Dall'Italia
Primo maggio, Cei: “Per un lavoro libero, creativo, partecipativo e solidale”
Diffuso il messaggio dei vescovi per la festa dei lavoratori

Il messaggio dei vescovi italiani per la festa dei lavoratori. Sottolineate le iniziative concrete e le contraddizioni del mondo del lavoro attuale.
Segni di speranza
“Esistono segni di speranza da alimentare per far nascere e promuovere lavoro degno, ma essi richiedono la nostra partecipazione attiva”. Lo scrivono oggi, nella Solennità di San Giuseppe, i vescovi italiani nel messaggio per la Festa dei lavoratori.
La Commissione episcopale per i problemi sociali e il lavoro della Cei segnala “il riconoscimento nei contratti di lavoro nazionali dell’importanza della formazione permanente e della riqualificazione durante gli anni di lavoro”. È poi necessario valorizzare strumenti contrattuali attenti “alle emergenze sanitarie e familiari”, creando “relazioni virtuose tra datori di lavoro e lavoratori, dove il dialogo, la riconoscenza, i meccanismi di partecipazione alimentano fiducia e cooperazione”.

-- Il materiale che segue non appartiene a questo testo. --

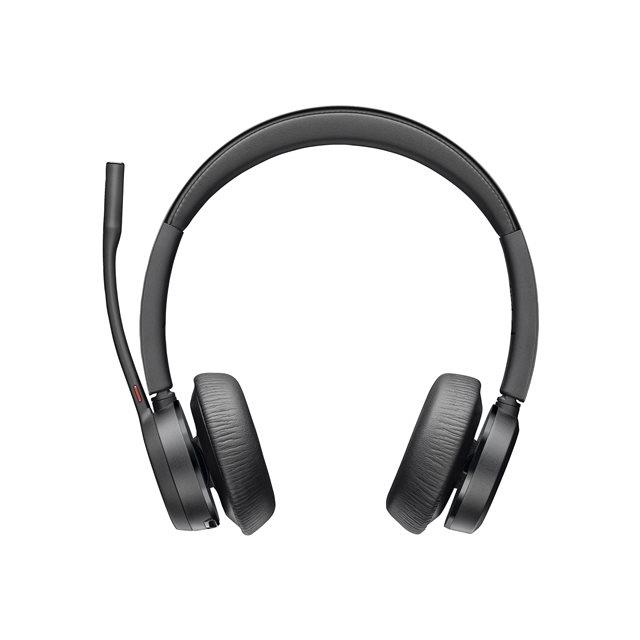 Poly Voyager 4320-M - Micro-casque - sur-oreille - Bluetooth - sans fil, filaire - USB-A, USB-A via adaptateur Bluetooth - noir - certifi Zoom, Certifi pour Microsoft Teams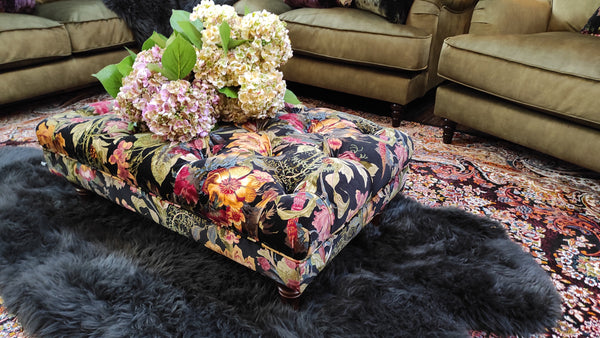 Footstool Classic Velvet Print Boho Floral (93 x 62 x 32cm)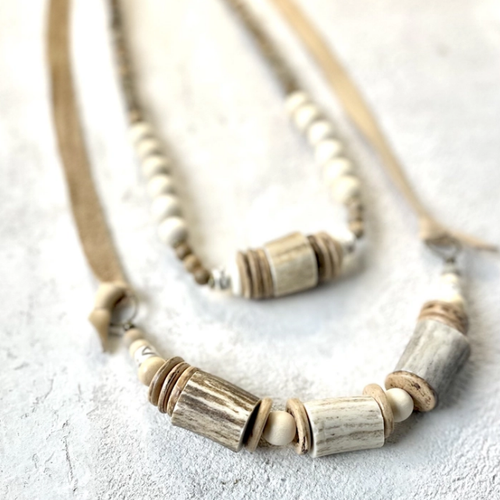 Deer Antler + Wood Bead Necklace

La Chiesa italiana conferma il suo impegno a contribuire a “un’alleanza sociale per la speranza inclusiva e non ideologica”. Tra le iniziative concrete, il “Progetto Policoro”, che sostiene da trent’anni giovani animatori di comunità.
Il lavoro umano
Nel messaggio viene ricordato come “Il lavoro umano è una chiave, e probabilmente la chiave essenziale, di tutta la questione sociale”. È stato sottolineato che “la tutela, la difesa e l’impegno per la creazione di un lavoro libero, creativo, partecipativo e solidale, costituisce uno dei segni tangibili di speranza per i nostri fratelli”.
La Commissione episcopale per i problemi sociali e il lavoro della Cei evidenzia alcune contraddizioni del presente: “Se il dato statistico sulla disoccupazione, in forte calo, potrebbe spingere all’ottimismo, sappiamo invece che dietro persone formalmente occupate c’è un lavoro povero”.

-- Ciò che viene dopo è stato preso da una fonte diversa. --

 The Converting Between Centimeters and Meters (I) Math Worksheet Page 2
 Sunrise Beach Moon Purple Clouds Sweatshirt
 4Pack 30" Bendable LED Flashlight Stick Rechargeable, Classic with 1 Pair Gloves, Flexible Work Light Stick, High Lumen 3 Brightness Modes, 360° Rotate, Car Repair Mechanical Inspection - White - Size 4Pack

I vescovi segnalano inoltre la difficoltà crescente di “conciliare vita di lavoro e vita di relazioni soprattutto nel cosiddetto smart-working, rischiando anche di impoverire i rapporti umani tra i lavoratori e le stesse relazioni familiari”.

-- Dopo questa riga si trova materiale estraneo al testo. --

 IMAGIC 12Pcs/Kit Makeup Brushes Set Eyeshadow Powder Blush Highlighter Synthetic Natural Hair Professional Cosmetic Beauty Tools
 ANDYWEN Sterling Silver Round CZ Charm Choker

Resta poi aperta la questione dello sfruttamento degli immigrati e delle discriminazioni verso le donne, “penalizzate non solo con una minore retribuzione, ma anche con l’assenza di garanzie nei tempi della gravidanza e della maternità”. Centrale infine la sicurezza sul lavoro, senza la quale “non ci sarà piena giustizia”.